Hay que tener en cuenta que en realidad el concepto de patrimonio cultural es reciente. Se conviene en que surge en el siglo XIX, coincidiendo con la formación de los “estados” y la toma de conciencia de la necesidad de protección y preservación de los vestigios de estos. Se trataba entonces de una visión limitada, centrada en el aspecto monumental y artístico, enriquecida con la suma del concepto de valor cultural ya en el siglo XX. Entonces se incluyen también dentro del patrimonio tanto los bienes muebles e inmuebles como las instituciones encargadas de su conservación y exposición, así como los centros monumentales. Esa concepción más amplia aparece ya en la Convención de la Haya, donde figura por primera vez el término “bien cultural”. Sin embargo seguía tratándose de una concepción elitista que se intentó paliar, a partir de los 70, con la “democracia cultural”. Su objetivo: situar el punto de atención en el valor social del patrimonio, poniendo éste al servicio del ciudadano y facilitándole el acceso. Por ejemplo la Ley General de Patrimonio Histórico de España (1985) “[…] tiene muy en cuenta este factor al confirmar el valor relativo del patrimonio y su ineludible significación social” (LLUL PEÑALBA, 2005: 201).
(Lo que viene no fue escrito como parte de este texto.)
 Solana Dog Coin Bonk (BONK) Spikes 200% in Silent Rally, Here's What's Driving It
Las consecuencias de ello, llevadas al extremo, en ocasiones no han sido muy positivas, llegándose al consumo masificado e incluso a la turismofobia.
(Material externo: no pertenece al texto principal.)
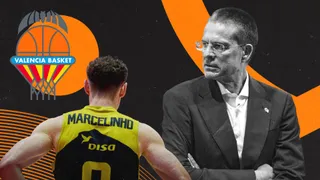 Esto de Marcelinho asusta (y mucho) en Valencia Basket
Esta es una de las amenazas actuales al patrimonio: la sostenibilidad y conservación. Pero existen otras como su utilización mercantil (especulación inmobiliaria); las catástrofes naturales; y la manipulación política (uso propagandístico, el control del territorio, la imposición de una determinada concepción urbanística que condicionará la vida de la comunidad –gentrificación–).
Y 70 años después del fin de la Segunda Guerra Mundial, además la amenaza bélica ha resurgido. La destrucción de monumentos milenarios en Siria (Palmira y Alepo), Iraq (Nínive), Libia, Yemen o Malí (Tombuctú), pone de relieve la fragilidad del patrimonio cultural. Éste se ha convertido no sólo en víctima sino también en arma de guerra. La razón es que además de su valor material, es un símbolo. Crea identidades y representa valores universales. Su destrucción rompe la memoria del pasado y del futuro de una comunidad. La gravedad de la situación ha llevado a Irina Bokova a hablar incluso de “limpieza cultural (LIZARANZU, 2016: 10).
Ante la situación de emergencia actual, de nuevo la UNESCO ha planteado la necesidad de una estrategia global destinada a proteger el patrimonio amenazado. ¿Serán eficaces estas medidas? ¿Los países se comprometerán a colaborar o sus intereses políticos, económicos y estratégicos prevalecerán sobre los culturales? Los resultados están por ver. Además hasta ahora pocas veces las denuncias por destrucción del patrimonio cultural han llegado a instancias internacionales. La primera señal de un posible cambio llegó en 2015 con la sentencia del Tribunal Penal Internacional condenando a 9 años de prisión a Ahmed al Faqi al Mahdi por la destrucción de mausoleos en Tombuctú. Este delito fue considerado como un crimen de guerra y parece marcar un punto de inflexión. Pero ¿será así? Para lograrlo es imprescindible el compromiso de todos los países y la implicación de la propia sociedad. No obstante muchos expertos siguen pensando que esto no es suficiente. Es el caso de José Luzón, quien afirma: “Nunca he creído que esos tsunamis destructores se puedan parar desde la UNESCO ni desde ningún sitio. Los motivos de destrucción son mucho más poderosos” (GARCÍA RAMOS, 2015).